After the occupation of Columbia on February 17, 1865, Sherman diverted his army towards Goldsboro, North Carolina, where he hoped to join forces with Grant, then still battling against the defences of Petersburg and Richmond. His advance, impeded by torrential rains, appeared to menace both Goldsboro and Raleigh, North Carolina’s capital, and was opposed by most of the surviving Confederate hierarchy, including Johnston, Bragg, and Pierre Beauregard. Between them they had managed to assemble about 21,000 troops, deployed by Johnston at Fayetteville, North Carolina. Sherman accompanied his soldiers, who formed the Armies of Tennessee and Georgia, into action at Bentonville on March 19. Johnston, in opposition, put up a spirited performance. He was too heavily outnumbered, 80,000 to 20,000, to succeed, though Sherman, who was present, seems at this stage of the war to have lost the taste for bloodshed and did not press the issue. It was obvious to all, including most Southerners, in and out of the army, that the war was drawing to a close; only the self-deluding in the Confederacy continued to hope that it could be concluded on conditions that would soften Lincoln’s terms of surrender and black emancipation.
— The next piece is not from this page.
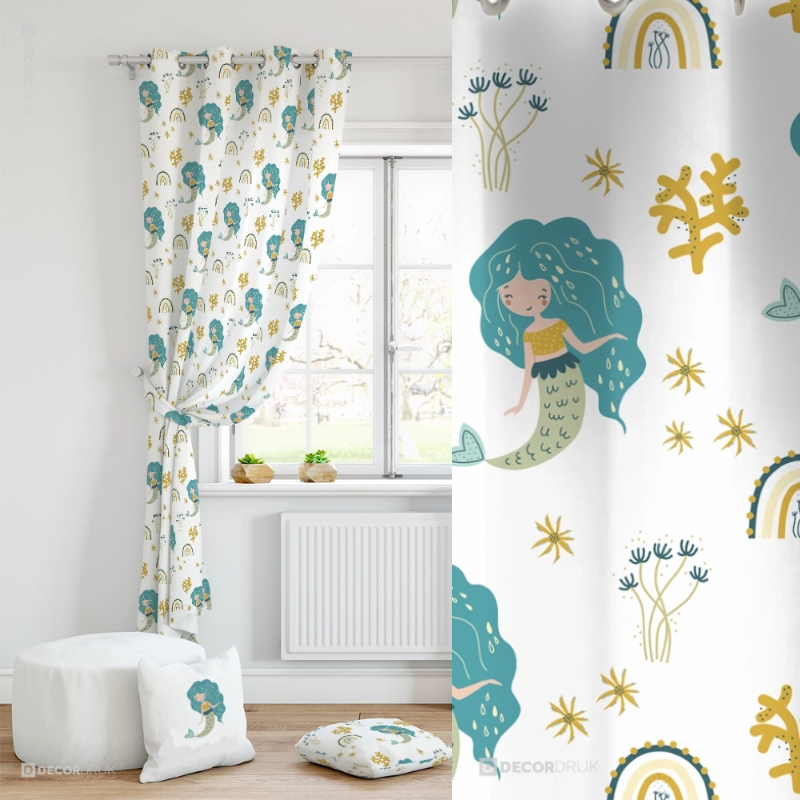 Vorhänge Mädchenzimmer Meerjungfrau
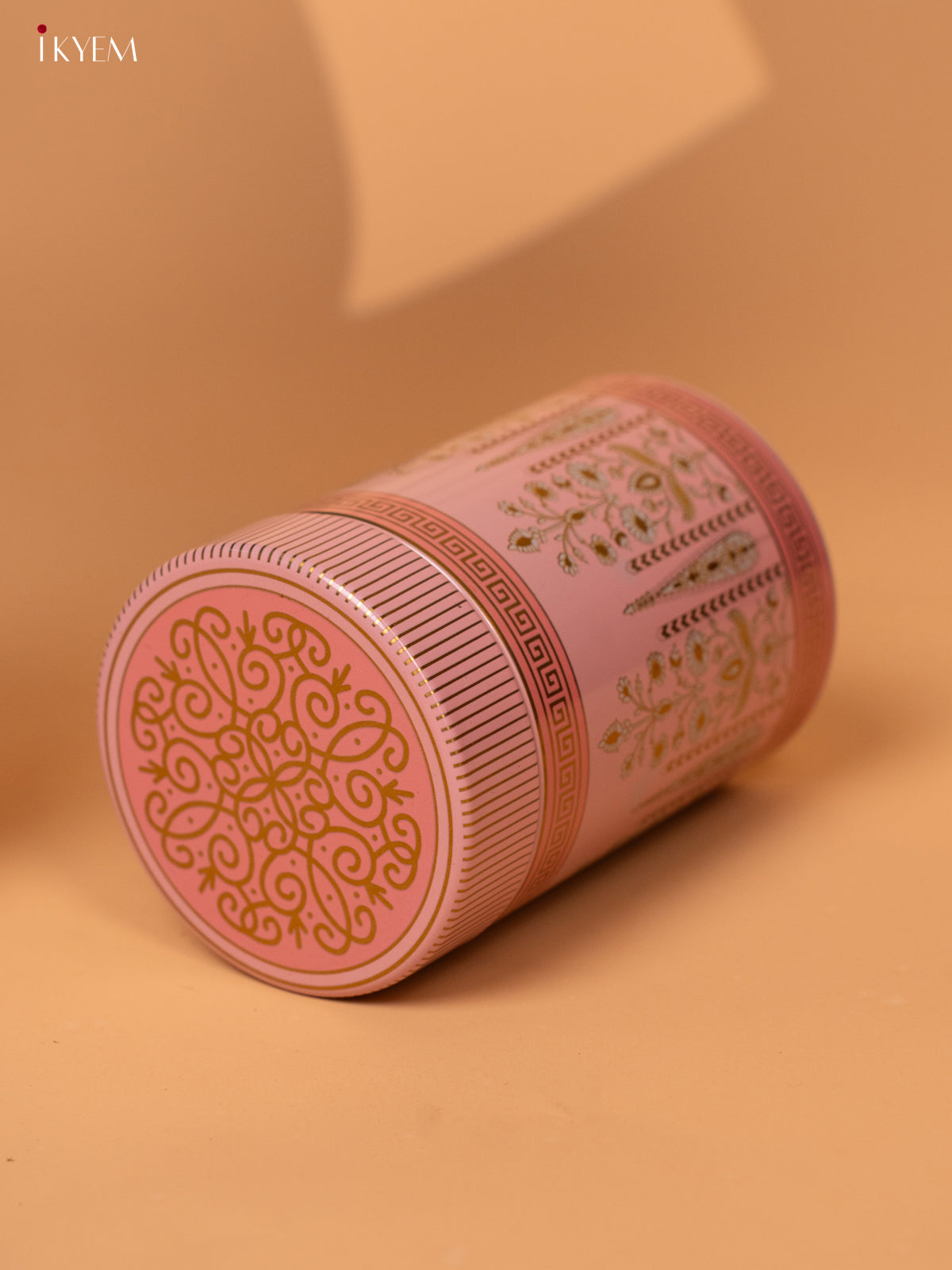 Digital Printed Dry Fruit Tin Jar Cylinder Small - Pink 5 Inch- KB27121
On March 25, Sherman left the scene of action in North Carolina and, by rail and then steamer, set out to meet Grant at City Point, Virginia, the Army of the Potomac’s port on the James River, there to describe his march of 425 miles in fifty days, which ended resistance in Georgia and the Carolinas. It had been an extraordinary achievement, though it had inaugurated a style of warfare that boded the worst sort of ill for peoples unable to keep a conqueror at bay, as Hitler’s campaigns in eastern Europe seventy-five years later would testify.